Before You Sign Up for Christendom

Well before Martin Luther came along, the Roman Catholic Church had problems that stemmed directly from the very structures that were designed (theologically and politically) to unify church and society. The so-called Western Schism witnessed a papal crisis – three popes at one time – that only the Council of Constance (1414-1418) could solve. (Warning to triumphalist Protestants: this was the Council that also condemned those good old forerunners of the Reformation, John Hus and John Wycliffe.)

Here is Francis Oakley on Constance:

A divided Christendom had indeed been reunited but only because a general council, acting in the absence of its papal head, had formally claimed on certain crucial issues to be the legitimate repository of supreme power in the Church, had been able to vindicate that claim, and had been willing to do so even to the point of trying and deposing popes. In the month prior to the papal election and as part of the reform package to which all the conciliar nations had already given their approval, it had also gone on to set up constitutional machinery designed to prevent in the future any reversion to papal absolutism. In the decree Frequens it decreed that general councils were to be assembled, the first in five years’ time, the second in seventh, and thereafter at regular ten-year intervals. In this decree . . . the fathers at Constance were careful to ensure that, even if the pope chose not to convoke them, general councils would assemble automatically at nothing less than ten-yearly intervals and, in the unhappy event of renewed schism, within no more than a year of its outbreak. (42)

In other words, a century before the Reformation, the papacy was on the ropes and apparently chastened. The Restoration popes were also increasingly limited in their power, not simply by councils but also by the circumstances of European politics.

Loss of control and concomitant loss of revenues notwithstanding, possession of the actual substance of power over the provincial churches of Christendom mattered less, it seems, than the retention of a theoretically supreme authority over the universal Church. Its almost inevitable corollary, however, the revenues flowing in to Rome from the Church at large having been grievously diminished, was the pressing need for the popes of the Restoration era to turn inward and to focus their attention on the government of the papal states upon which they had now come to depend for a full half of their overall revenues. In effect, however grandiose their theoretical powers as supreme pontiffs and however much people continued to pay lip service to that position, they themselves had to concentrate a good deal of their day-to-day effort on their role as Italian princes, involving themselves in the complex diplomacy and ever-shifting coalitions required by the need to protect their Italian principality, to maintain, accordingly, the balance of power in Italy, to save off the recurrent threat of French and Spanish intervention in the politics of the peninsula, and when such efforts failed, to control and diminish the extent of that intervention. (53)

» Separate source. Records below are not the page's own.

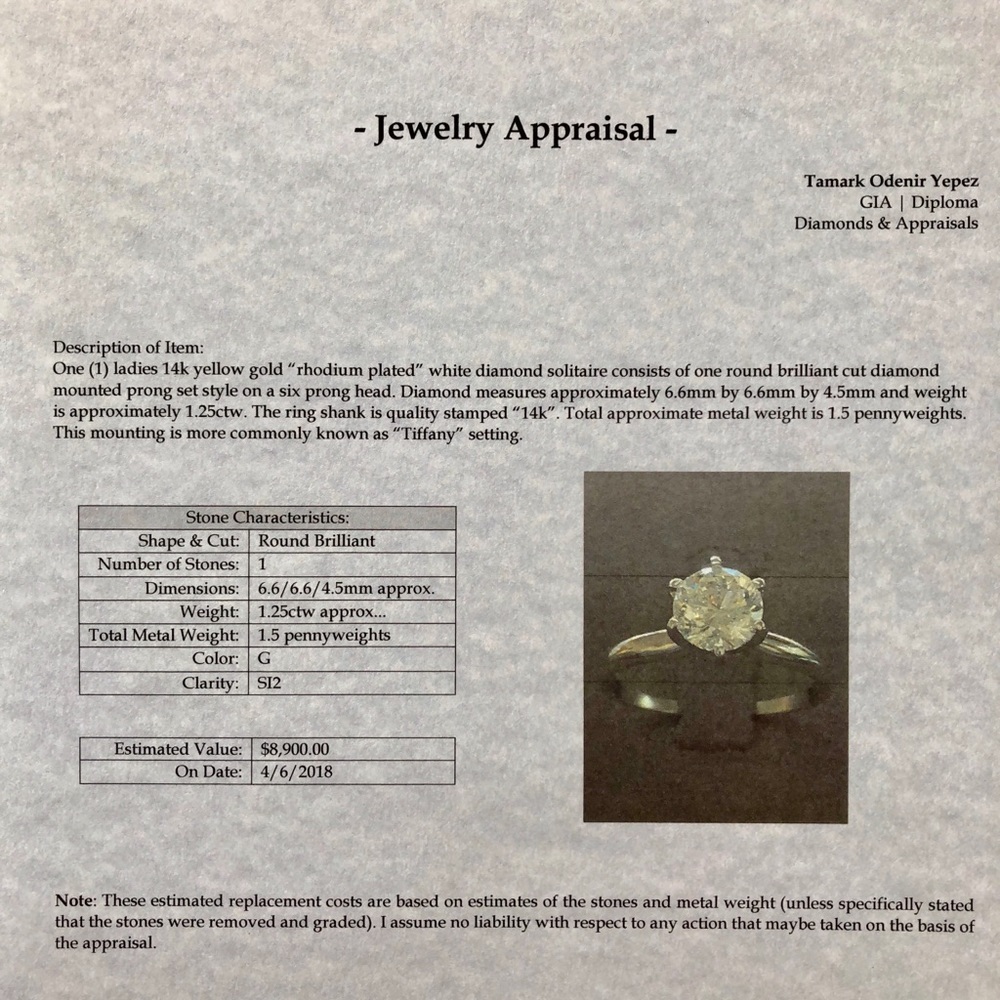 GORGEOUS 1.25 CTW ROUND SOLITAIRE DIAMOND - Picture 3 of 6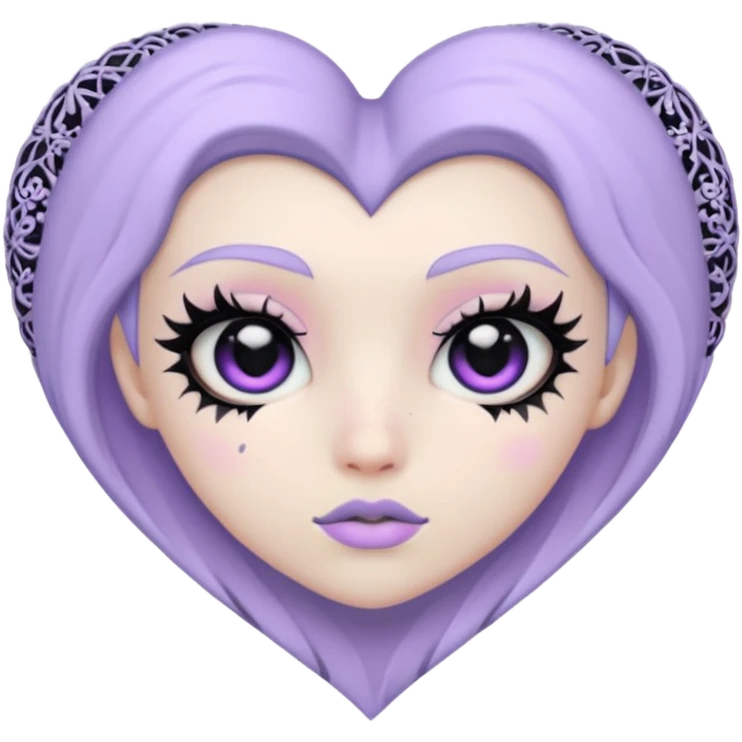pastel goth heart with lavender lace emoji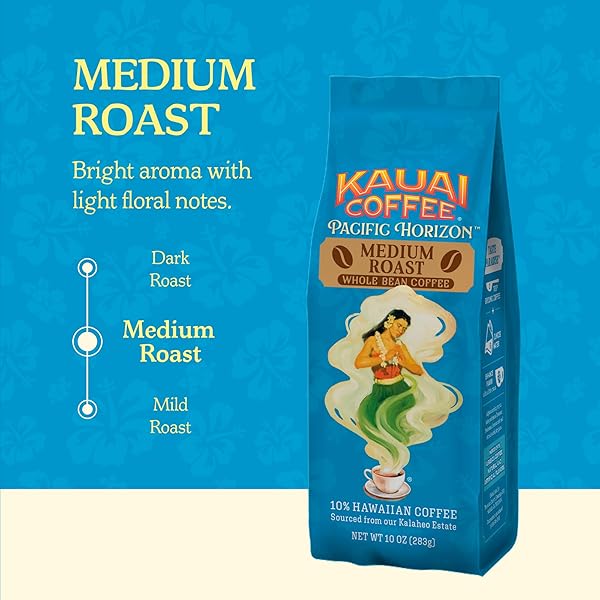 KAUAI COFFEE WHOLE BEAN COFFEE – SMOOTH, NON-BITTER PURE ARABICA – LIGHT FLORAL NOTES & BRIGHT AROMA – GROWN ON HAWAII’S LARGEST COFFEE FARM – KOLOA ESTATE MEDIUM ROAST, 1 PACK OF 10OZ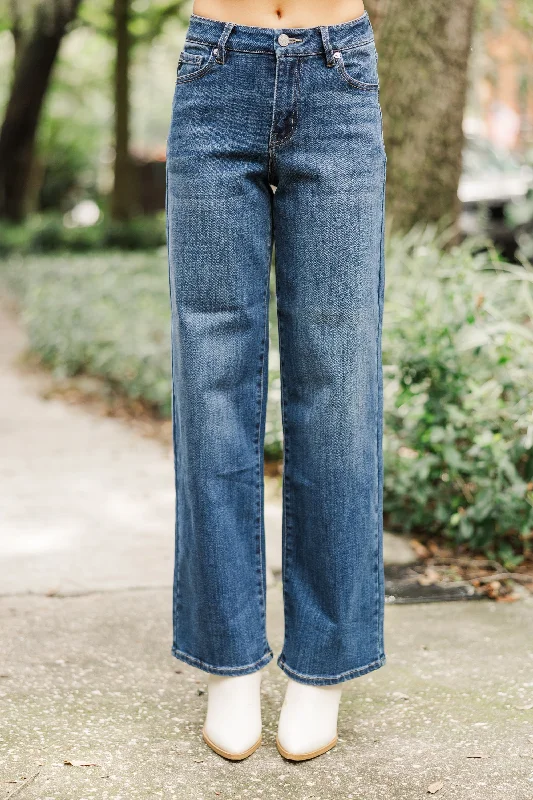 Discount Extravaganza KanCan: Find You Well Dark Wash Wide Leg Jeans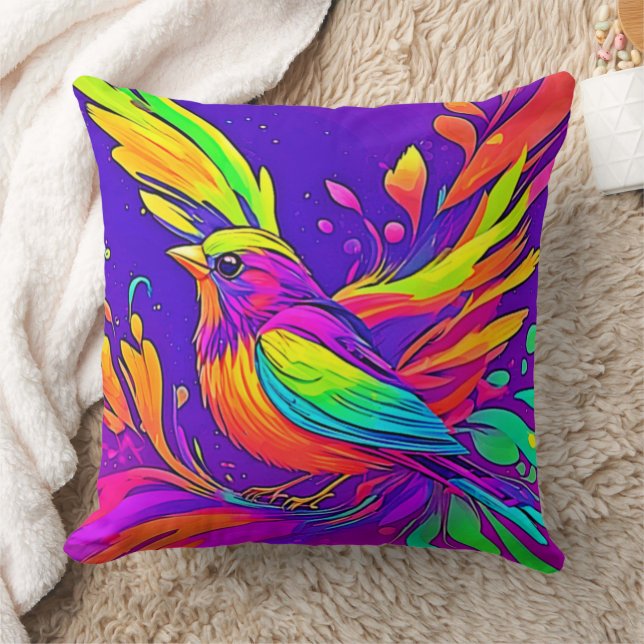 Regenboogvogel in Cartoon Land Kussen (Deken)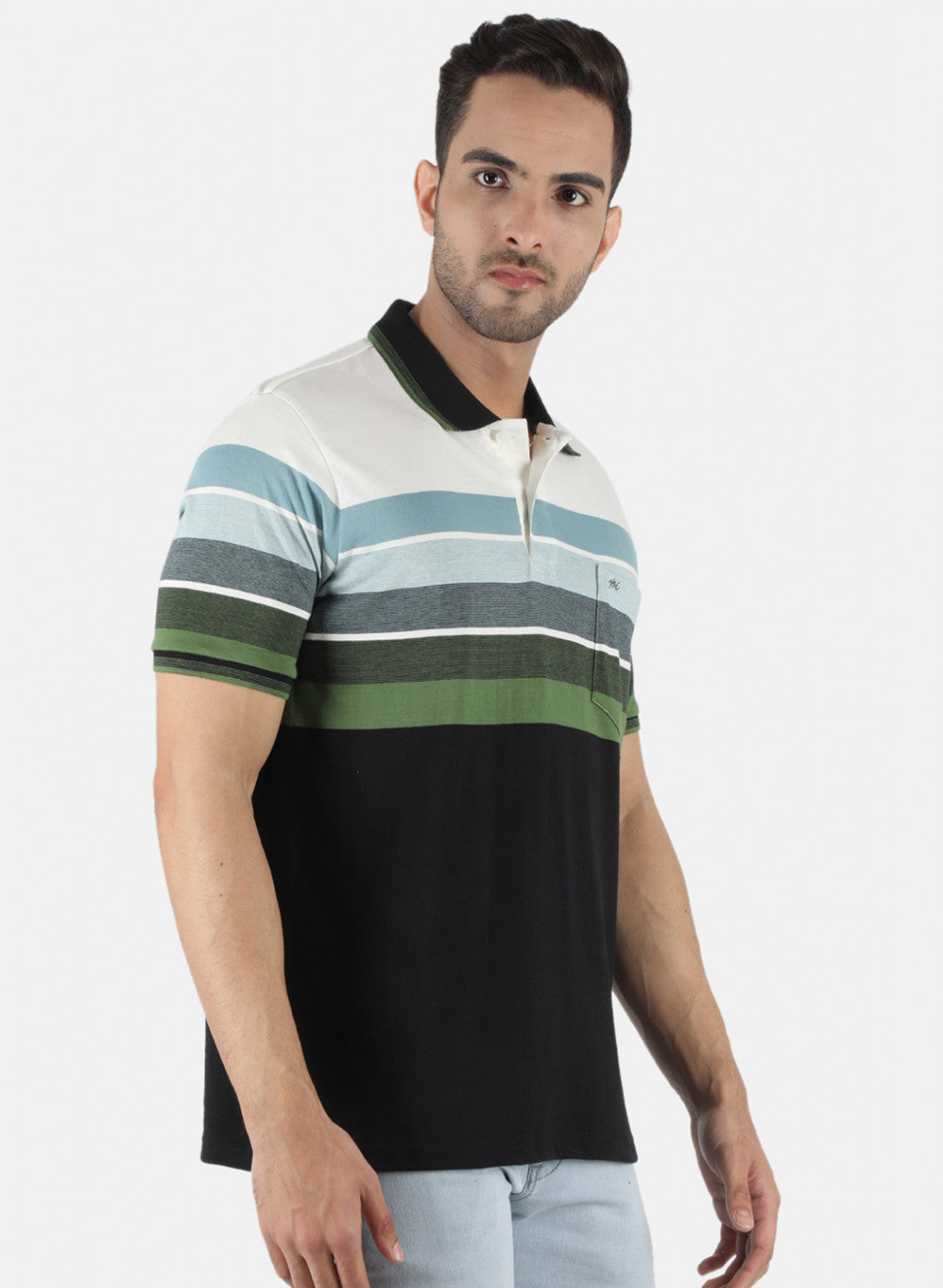 Men Blue Stripe T-Shirt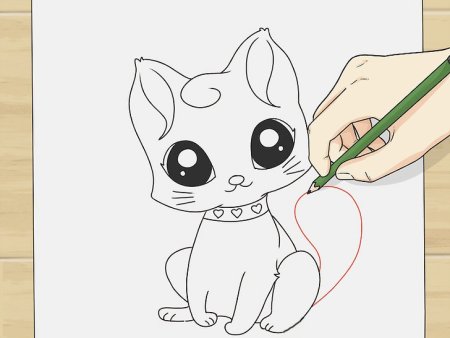 Котёнок для срисовки легкие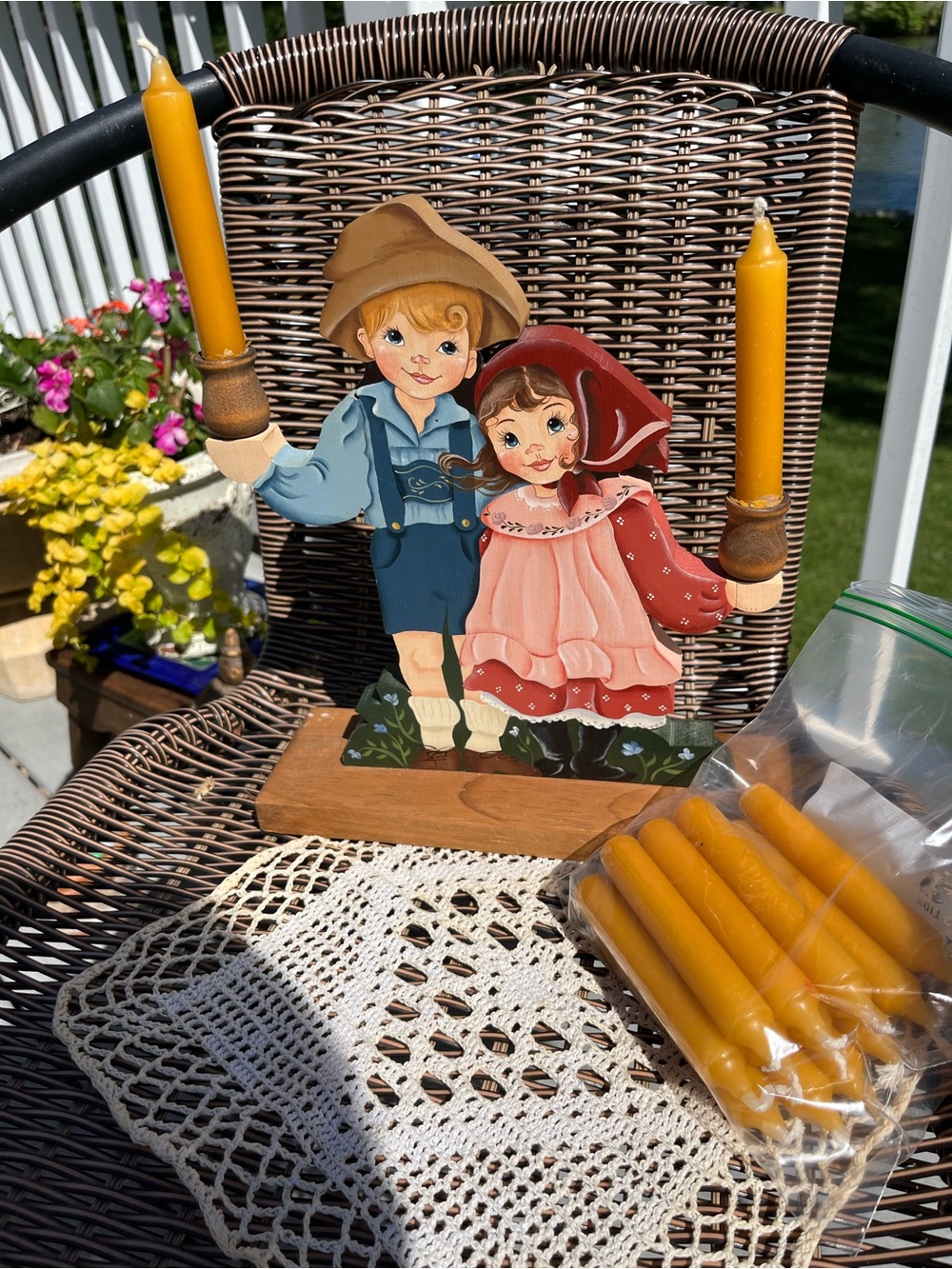 Hand-Painted Wooden Boy & Girl Candle Holder with Beeswax Tapers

Such diminished authority was obviously crucial for the assertion of the provincial churches’ authority (subsidiarity in action?), which of course happened in spades with Luther’s appeal to the German nobility, Henry VIII’s “reform” of the Church of England, the rise of city churches in Switzerland, and the eventual emergence of a Dutch Reformed Church in rebellion against Spain. Still, conciliarism was key to Protestantism’s rise and to Trent’s failure to resolve Rome’s constitutional crisis.

In November 1518, in anticipation of the papal sentence, and again in 1520, Luther himself appealed from the judgment of the pope to that of a future general council. In his appeals, ironically enough, he drew the legal sections from the text of the earlier appeal launched by the theologians of Paris. For the pope, it may be, that was worrying enough in itself, but probably less worrying than those later calls, emanating from Catholic as well as Lutheran circles, for the assembly of a ‘general, free Christian council in German lands’. But, for one reason or another, worry did not prove enough to precipitate any sort of action that was truly timely, decisive, and effective. In that respect, two particularly surprising things may be noted about the response of the popes to the Protestant challenge. First, their failure for the better part of a quarter-century to convoke the general council for which so many Christian leaders called and upon the determinations of which so many anxious and conflicted spirits reposed their hopes. Second, when finally it did assemble, and despite the challenge laid down by the novel Protestant ecclesiologies of the day, the failure of that long-awaited council to promulgate any dogmatic decree on the nature of the Christian Church – and that despite its readiness to address so many other controverted issues. (58)

Again, I wonder when Jason and the Callers’ theory of papal sufficiency is going to catch up with historical reality.

Postscript: Oakley apparently has not left conciliarism to the archives or study carrel.